Remis du choc que l'oeuvre évoquée dans l'intitulé de ce billet avait provoqué auprès de tous les amateurs de pièces un minimum structurées, nous avions bien voulu considérer celle-ci comme une erreur de débutants. Erreur qui fut toutefois, reconnaissons-le, un triomphe que nous ne nous sommes toujours pas expliqué. Il semblerait qu'aujourd'hui, Jean Franco et Guillaume Mélanie soient encore loin d'avoir terminé de faire leurs armes dans le domaine de l'écriture théâtrale, au vu de leur second boulevard qu'ils ont offert à Véronique Genest.
Sur le papier, le pitch avait pourtant de quoi faire une excellente comédie.
"Plein la Vue" nous conte l'histoire de Véra (Véronique Genest), aveugle de naissance, richissime parfumeuse bernée par un entourage profitant honteusement de son handicap. Un père (Philippe Magnan) vivant à ses crochets qui vend ses toiles de maîtres et les remplace par des croûtes.
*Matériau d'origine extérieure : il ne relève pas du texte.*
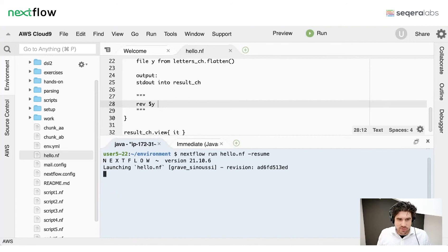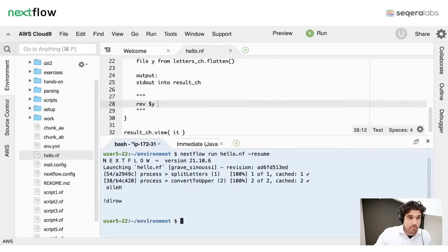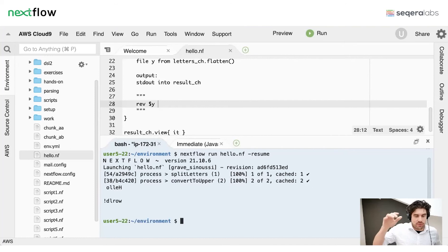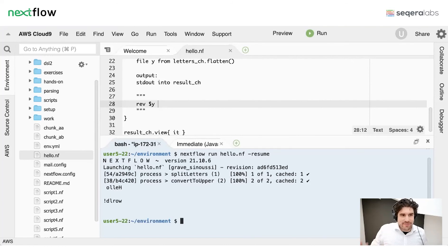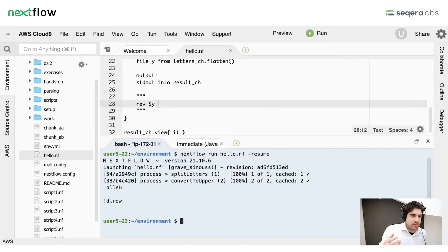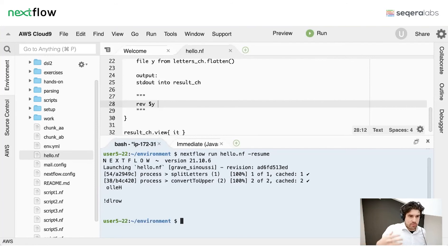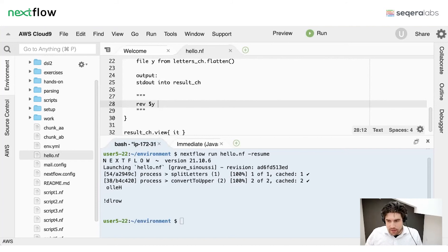Running with resume again, you can see that both processes are now cached — no compute was actually done. Imagine each of those tasks running on a cluster: Nextflow says everything is successful, no need to rerun. You can even add files: imagine a clinical trial with a massive pipeline run for five patients, then a sixth patient is enrolled. You add that patient as input and rerun — all data for the five existing patients won't need to be reprocessed. Only the new patient is added. This is a very powerful feature.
Un mari (Grégoire Bonnet) lui faisant croire qu'il est mannequin alors qu'il est d'un physique tout à fait ordinaire et qui la trompe sous ses yeux... Mais un jour, une opération chirurgicale miracle donne la vue à Véra. Aidée de son chauffeur (Daniel-Jean Colloredo), seule personne ayant été honnête avec elle, l'héroïne va régler ses comptes.
Même si elle nous a paru moins improbable que son ainée et nous épargne les blagues façon "deux ânes", cette pièce du nouveau duo à succès se révèle pour le moins bancale. La dramaturgie est maladroite, les situations comiques font souvent "pschitt !" parce que mal ou pas développées, se limitant à quelques bons mots. Dans le genre "rire avec le handicap", Baffie et ses "Bonobos" sont autrement plus efficaces. L'ensemble manque également de rythme. Par ailleurs une honorable volonté de donner de la profondeur aux personnages ne parvient à son but, en devient même rapidement risible tant les ficelles sont grosses, la psychologie de comptoir, et les dialogues, dans ces moments là, d'une justesse comparable à ceux de "Plus belle la vie"...
Dans ces conditions, il s'avère bien difficile pour les comédiens, aussi talentueux soient-ils, de sauver la pièce. Véronique Genest ne démérite pas, cependant. Parfaitement dirigée par Jean-Luc Moreau, elle gomme une gouaille naturelle parfois gênante et propose un jeu plutôt subtil. A ses côtés l'excellent Philippe Magnan, dont le personnange est un copié-collé au masculin d'Amanda Lear dans "Panique au Ministère", assume dignement avec un côté pince sans rire une partition aussi excessive que faiblarde lui imposant des accoutrements ridicules , de la tenue de racaille au déguisement d'Amy Winehouse. Il fut malgré tout la cause, avouons-le, d'un ou deux fous-rires véritables. Les seuls de la représentation.
Gageons qu'il faudra donc encore quelques tentatives à Franco et Mélanie pour devenir les Barillet et Grédy du XXIème siècle. En attendant, même amateurs du genre, vous serez en droit de vous abstenir...
A la Michodière, probablement jusqu'à la fin juin.